__Data block__
▬▬▬

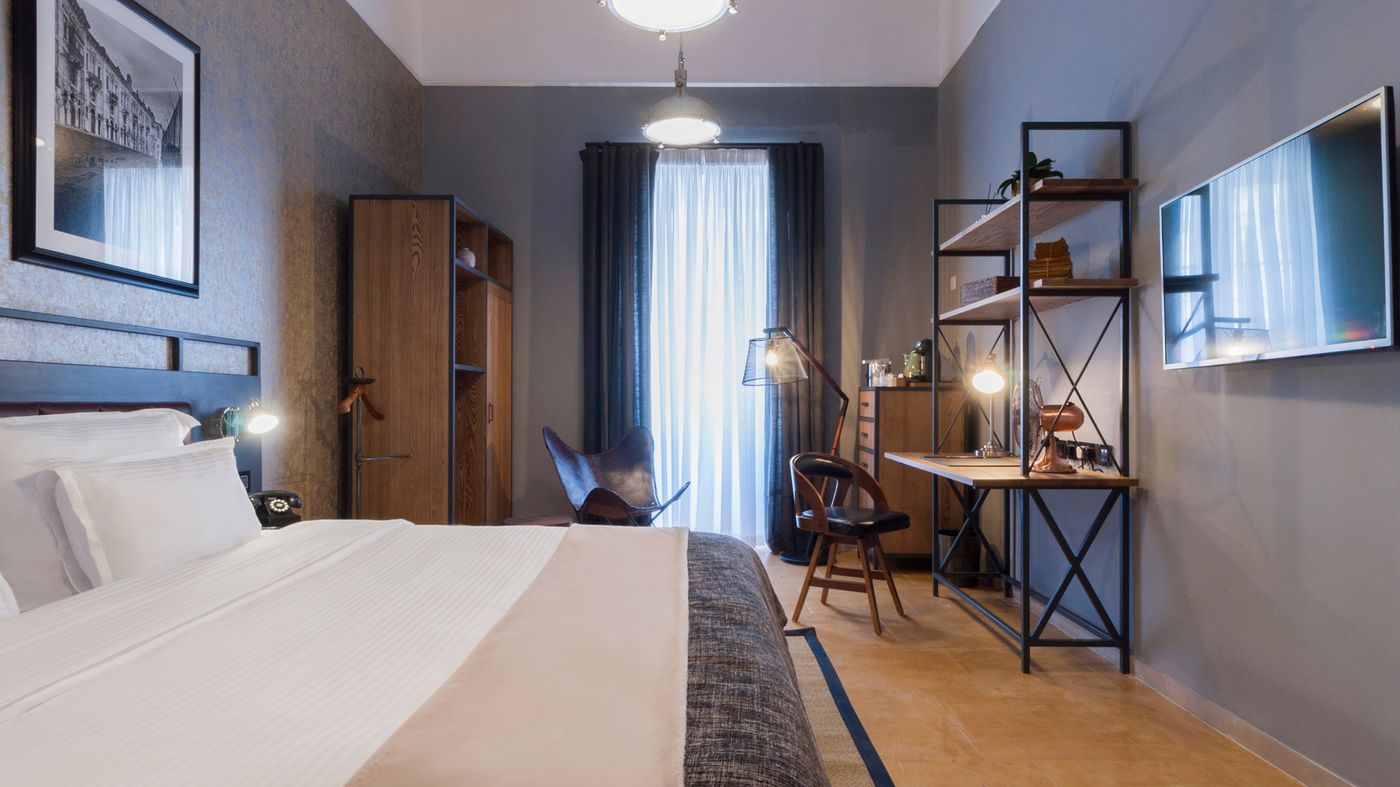 16 AX The Saint John - Deluxe Room 1.jpg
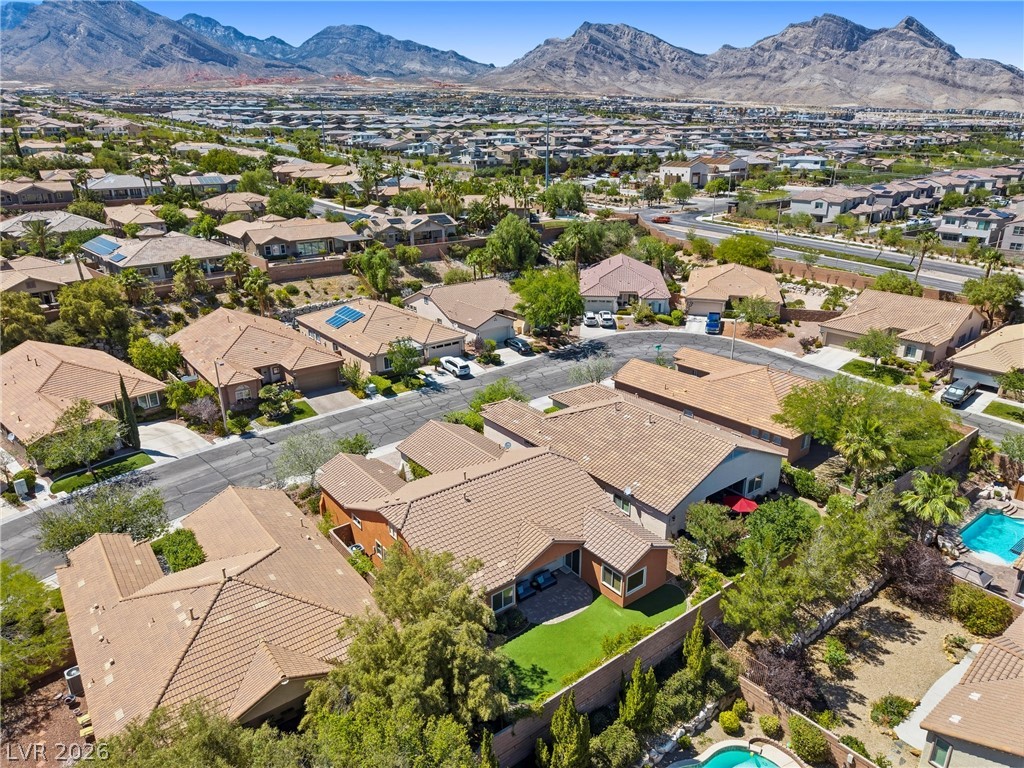 68 Alerion Street Property Photo 41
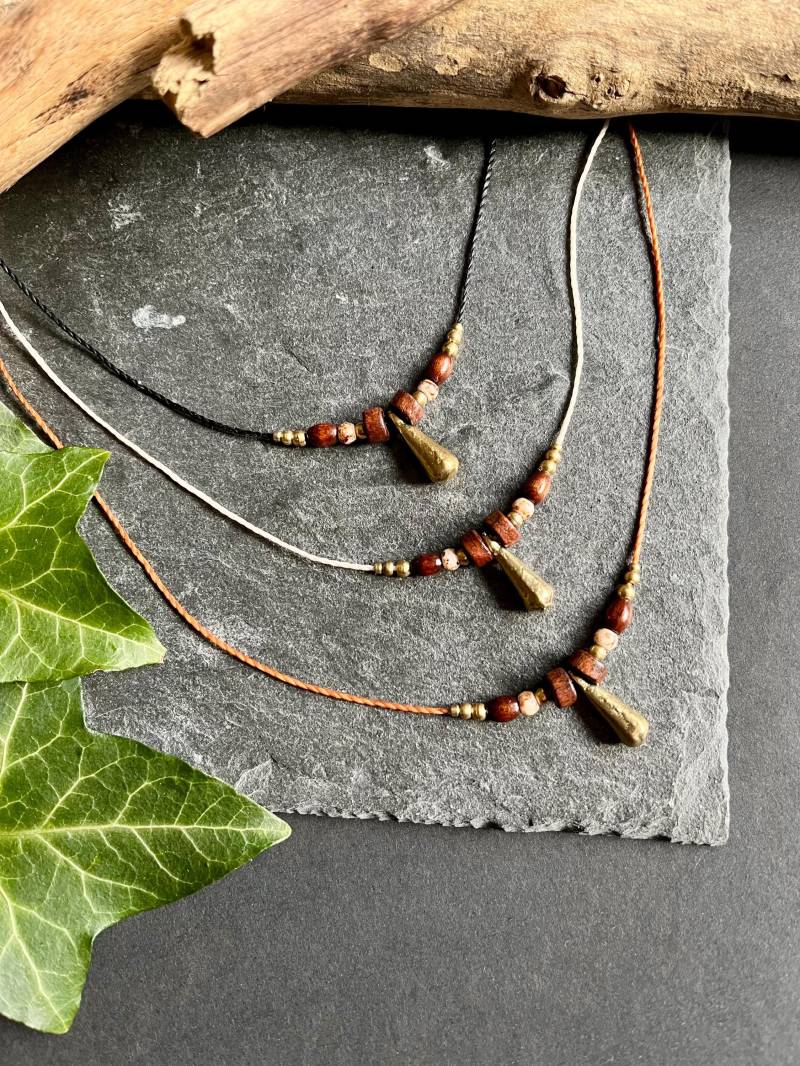 Boho Halskette Mit Messingtropfen Sowie Holz Und Glasperlen. Natürliche Verstellbare Kette in Gold Brauntönen Unisex Schmuck von Luisaskunstatelier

▬▬▬

__Prompt__
Give the data again exactly as written, with all pictures left out.

__Solution for this task__
 16 AX The Saint John - Deluxe Room 1.jpg
 68 Alerion Street Property Photo 41
 Boho Halskette Mit Messingtropfen Sowie Holz Und Glasperlen. Natürliche Verstellbare Kette in Gold Brauntönen Unisex Schmuck von Luisaskunstatelier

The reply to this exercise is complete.